=== Section Start ===
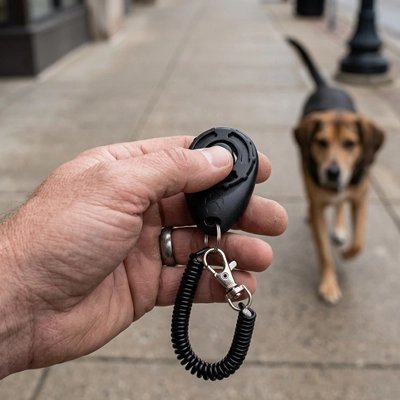 Clicker chien balade dans la rue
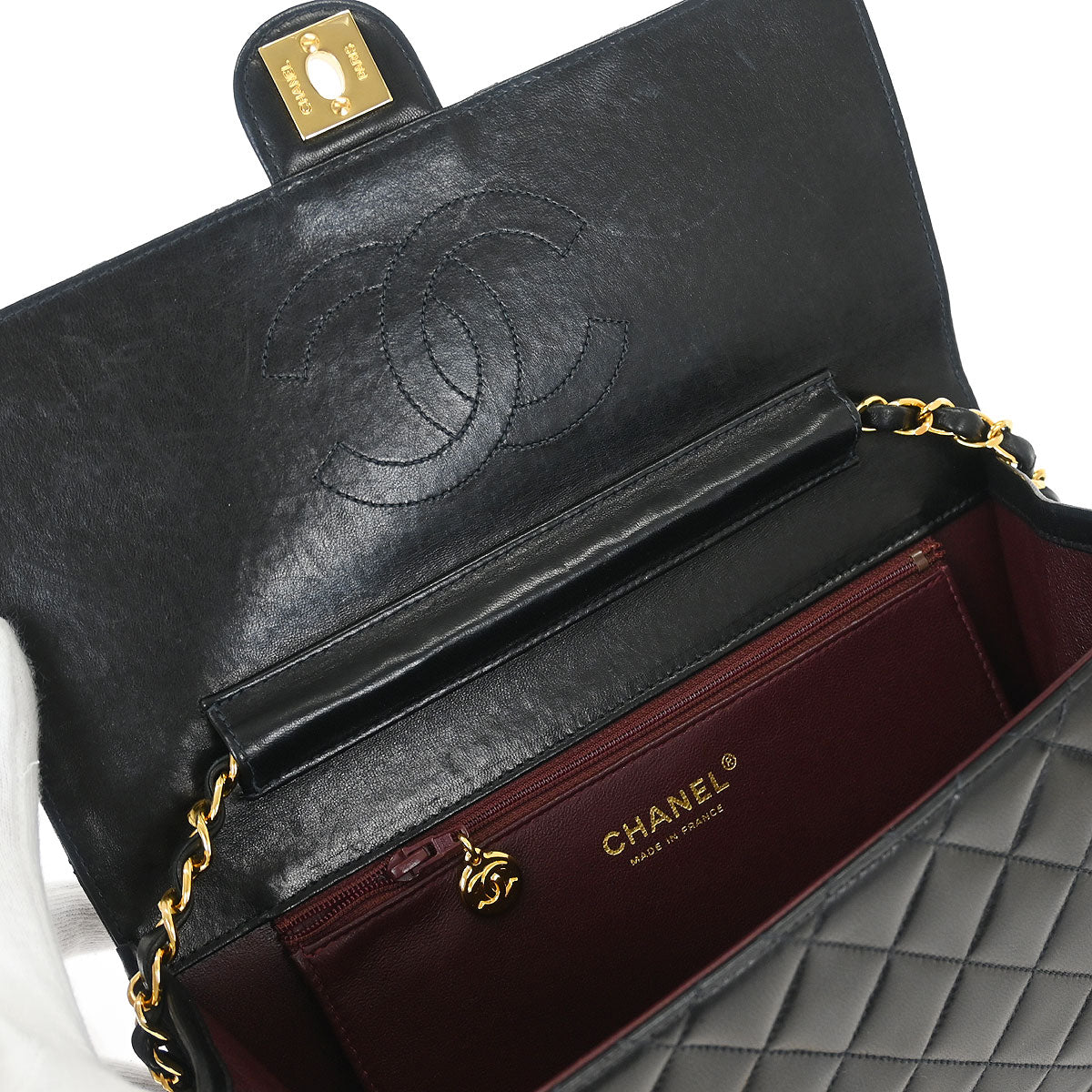 Chanel 2005-2006 Black Lambskin Turnlock Medium Half Flap Shoulder Bag - Image 7
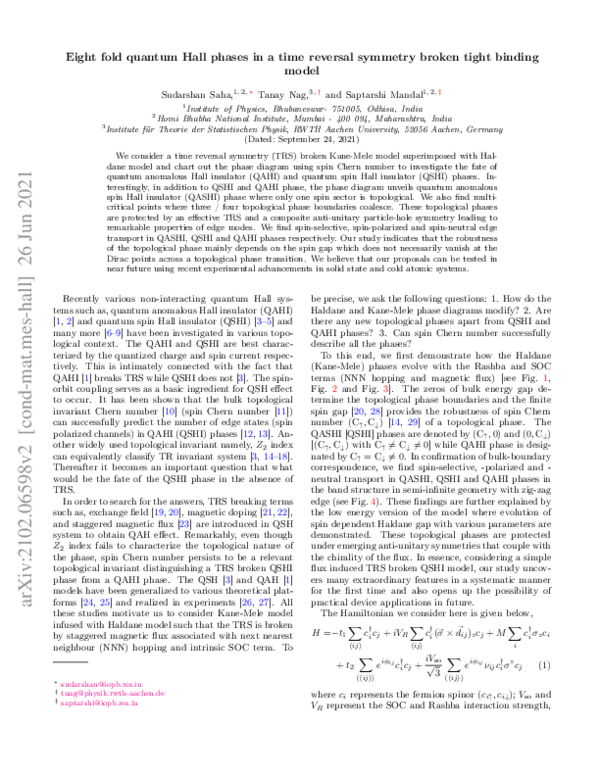 (PDF) Eightfold quantum Hall phases in a time reversal symmetry broken ...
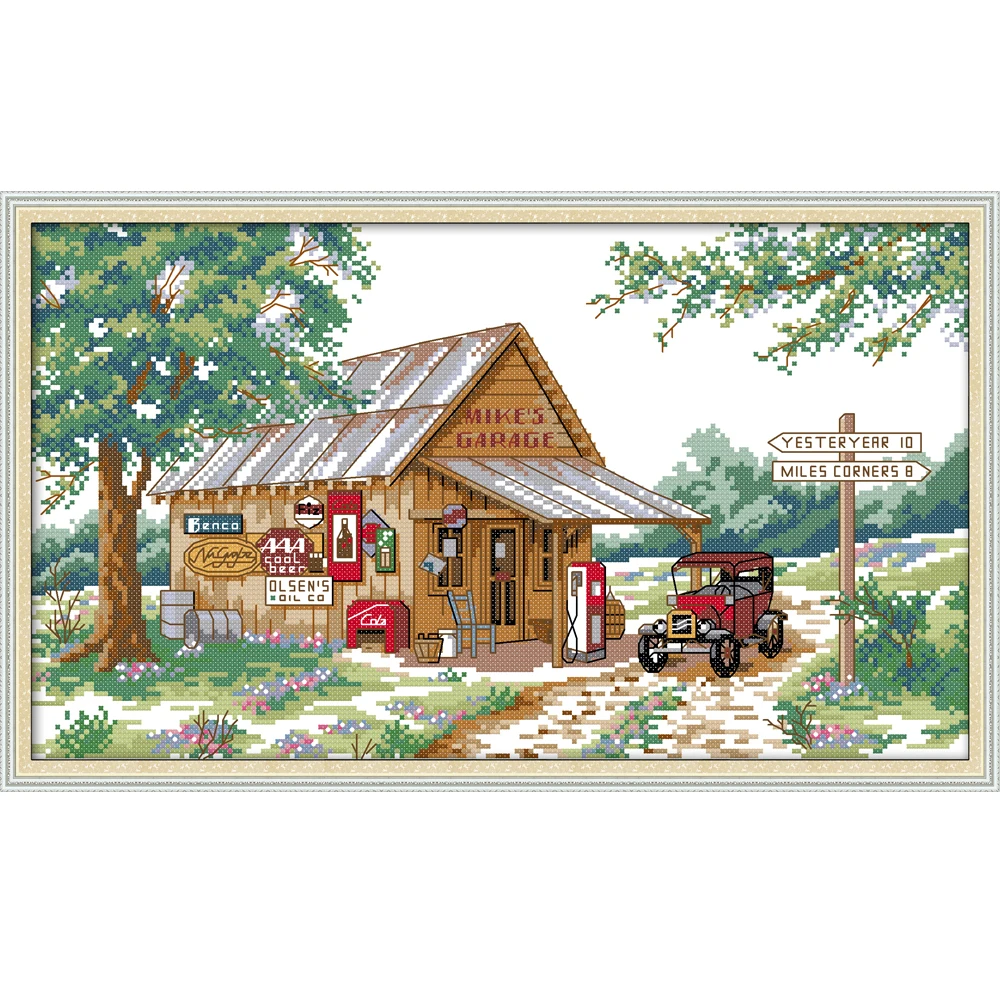 NKF Roadside Gas Station Counted Cross Stitch 11CT 14CT Set Wholesale DIY Kit Embroidery Needlework for Home Decor | Дом и сад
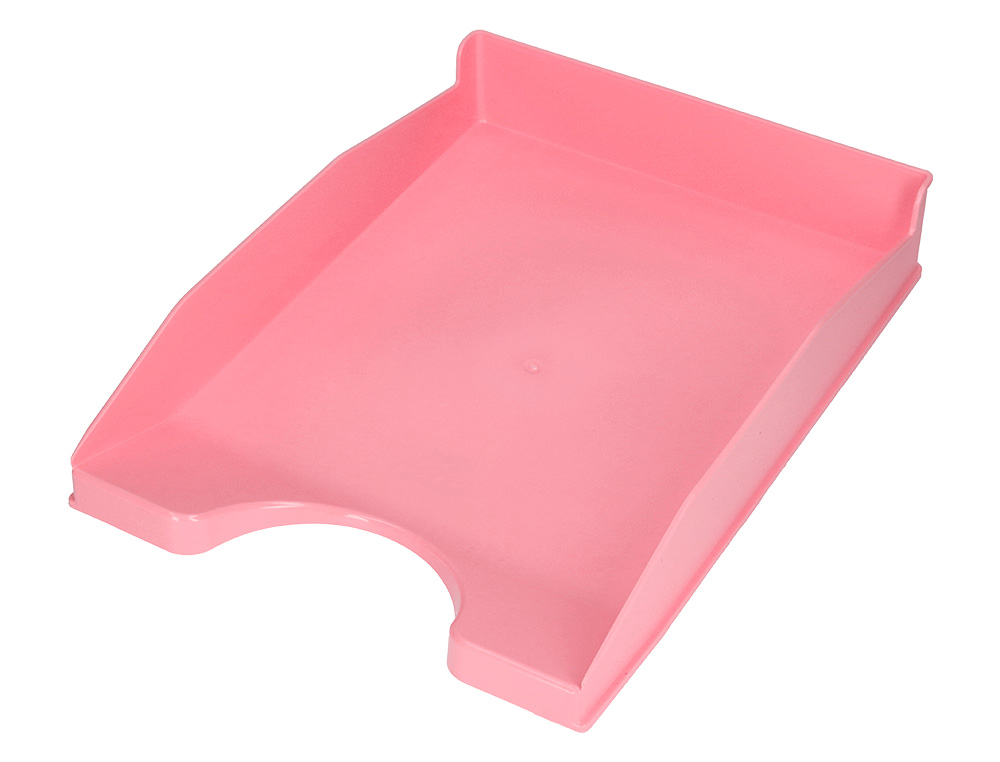 CORBEILLE A COURRIER Q-CONNECT PLASTIQUE           240X70X340MM COLORIS ROSE     PASTEL OPAQUE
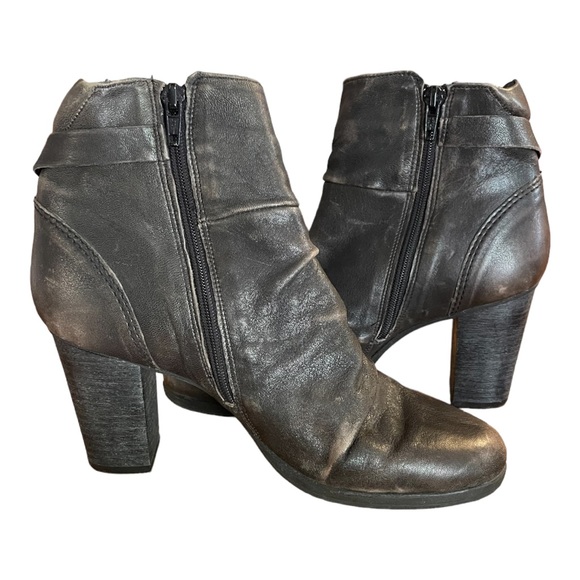 Women’s black leather booties ankle boots size : EU 38 US 7 - Picture 3 of 12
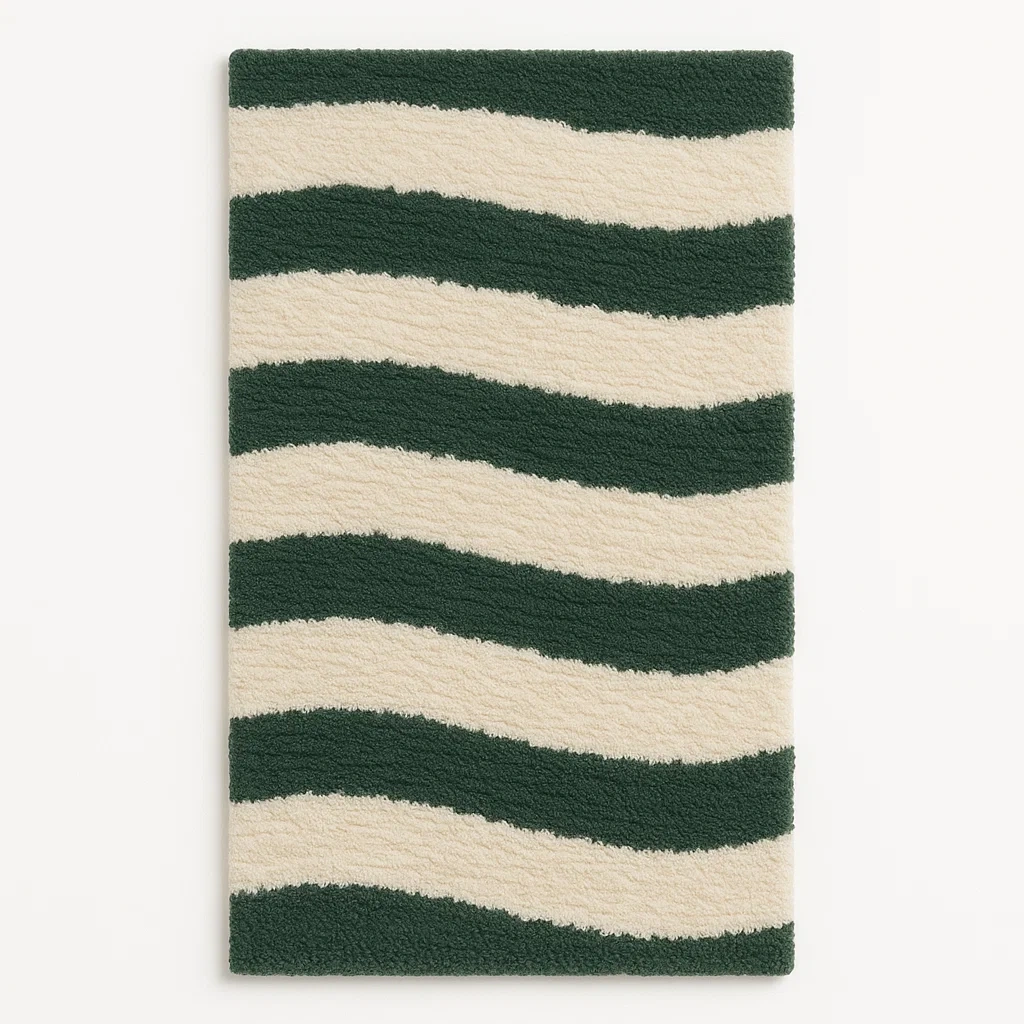 Matta i polyester med vågmönster 180x120 cm grön/beige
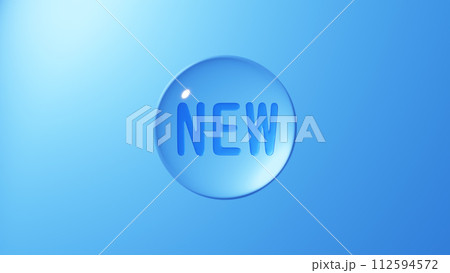 丸い水滴の中にNEWという文字。アイコン。3D(横長) 丸い水滴の中にNEWという文字。アイコン。3D(横長) 112594572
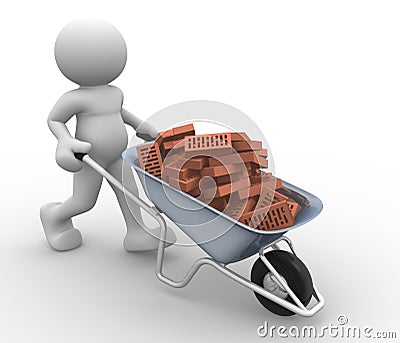 Wheelbarrow Cartoon Illustration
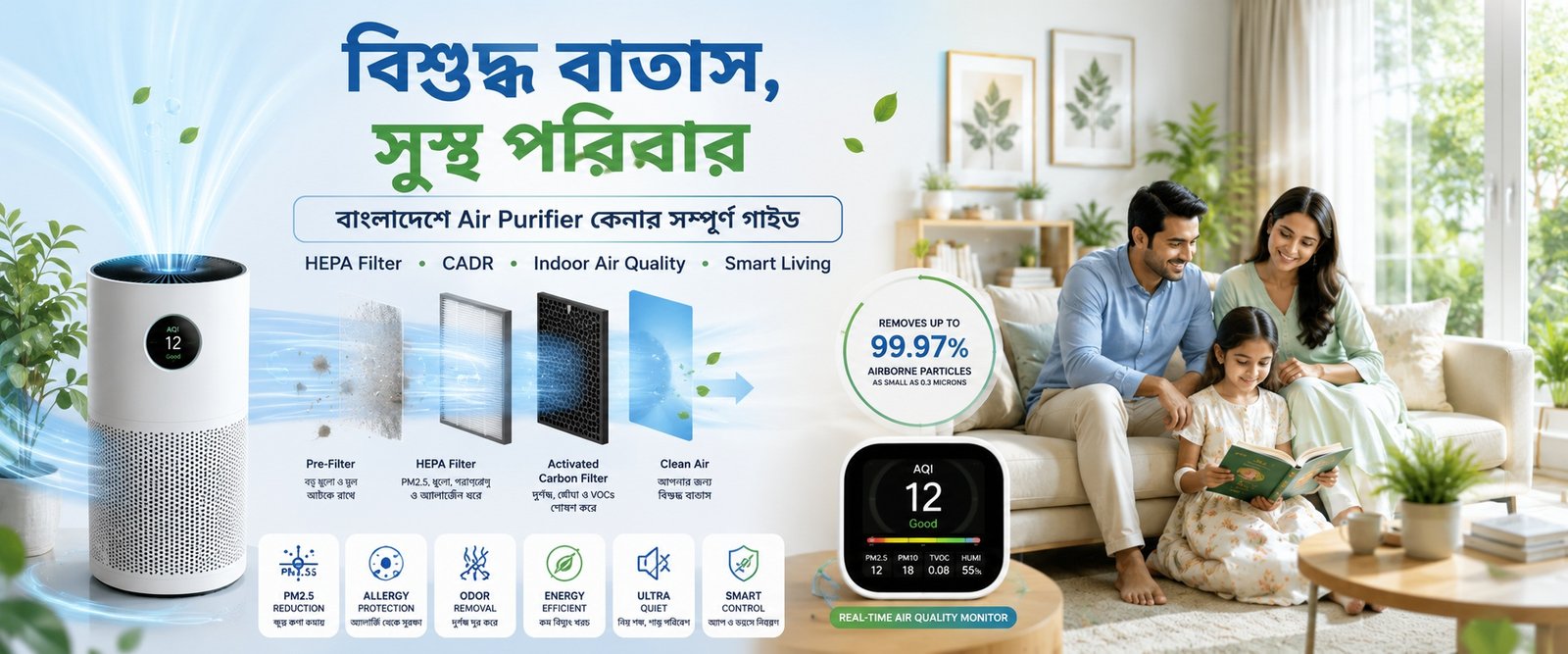 এয়ার পিউরিফায়ার ও ইনডোর এয়ার কোয়ালিটি গাইড (বাংলাদেশ ২০২৬)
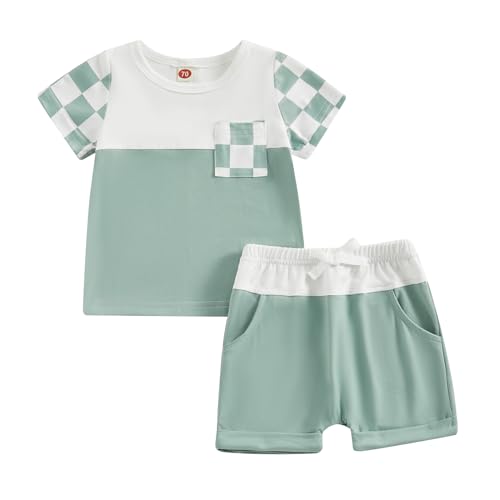 Image of Newborn Baby Girl Boy Summer Clothes Checkered Plaid Short Sleeve T-Shirt Tops Shorts Set Color Block Outfit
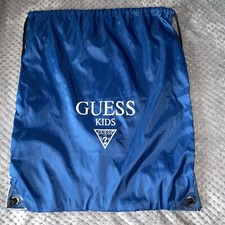 Vintage 90s Guess Kids Drawstring Backpack Cinch Sack Navy 17x20 Nylon Large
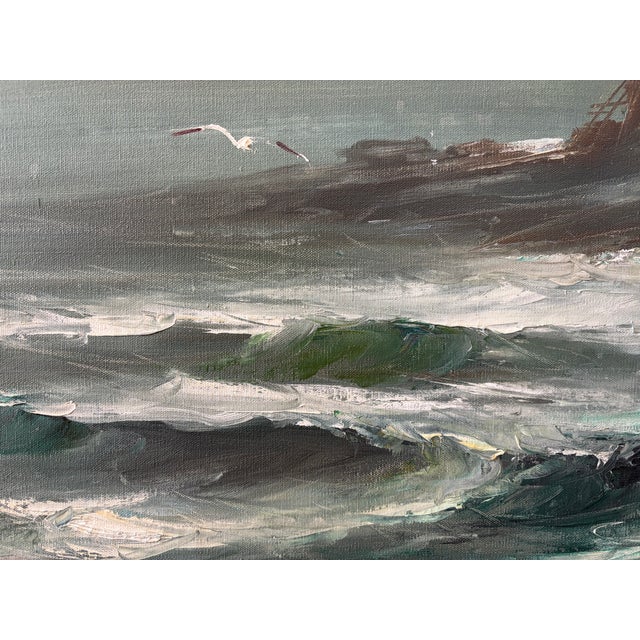 1950s Jose Luis Campuzano Oil on Canvas Large Seascape Painting For Sale - Image 9 of 9
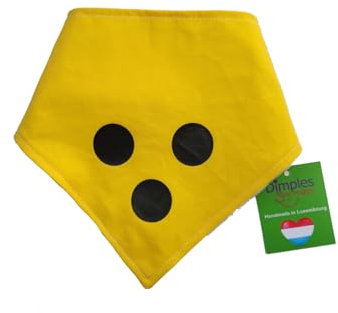 Dimples Hundehalstuch für Blindenhund - Gelb mit 3 schwarzen Punkten - Bitte Hund Nicht anfassen - Blinder Hund -Warn Halstuch für kleine mittlere und Grosse Hunde 45cm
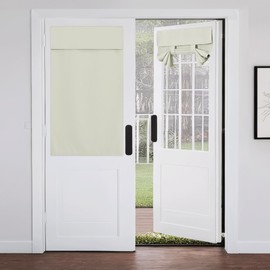 NICETOWN French Door Curtain - Front Door Privacy Shade for Small Window, Sidelight, Thermal Insulated Side Window Covering, W26 X L50, Light Beige, 1 Pc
=== Section End ===
**Task item**
Print the records word for word and exclude any picture they hold.

**The completed task**
 Clicker chien balade dans la rue
 Chanel 2005-2006 Black Lambskin Turnlock Medium Half Flap Shoulder Bag - Image 7
 (PDF) Eightfold quantum Hall phases in a time reversal symmetry broken ...
 NKF Roadside Gas Station Counted Cross Stitch 11CT 14CT Set Wholesale DIY Kit Embroidery Needlework for Home Decor | Дом и сад
 CORBEILLE A COURRIER Q-CONNECT PLASTIQUE           240X70X340MM COLORIS ROSE     PASTEL OPAQUE
 Women’s black leather booties ankle boots size : EU 38 US 7 - Picture 3 of 12
 Matta i polyester med vågmönster 180x120 cm grön/beige
 丸い水滴の中にNEWという文字。アイコン。3D(横長) 丸い水滴の中にNEWという文字。アイコン。3D(横長) 112594572
 Wheelbarrow Cartoon Illustration
 এয়ার পিউরিফায়ার ও ইনডোর এয়ার কোয়ালিটি গাইড (বাংলাদেশ ২০২৬)
 Image of Newborn Baby Girl Boy Summer Clothes Checkered Plaid Short Sleeve T-Shirt Tops Shorts Set Color Block Outfit
 Vintage 90s Guess Kids Drawstring Backpack Cinch Sack Navy 17x20 Nylon Large
 1950s Jose Luis Campuzano Oil on Canvas Large Seascape Painting For Sale - Image 9 of 9
 Dimples Hundehalstuch für Blindenhund - Gelb mit 3 schwarzen Punkten - Bitte Hund Nicht anfassen - Blinder Hund -Warn Halstuch für kleine mittlere und Grosse Hunde 45cm
 NICETOWN French Door Curtain - Front Door Privacy Shade for Small Window, Sidelight, Thermal Insulated Side Window Covering, W26 X L50, Light Beige, 1 Pc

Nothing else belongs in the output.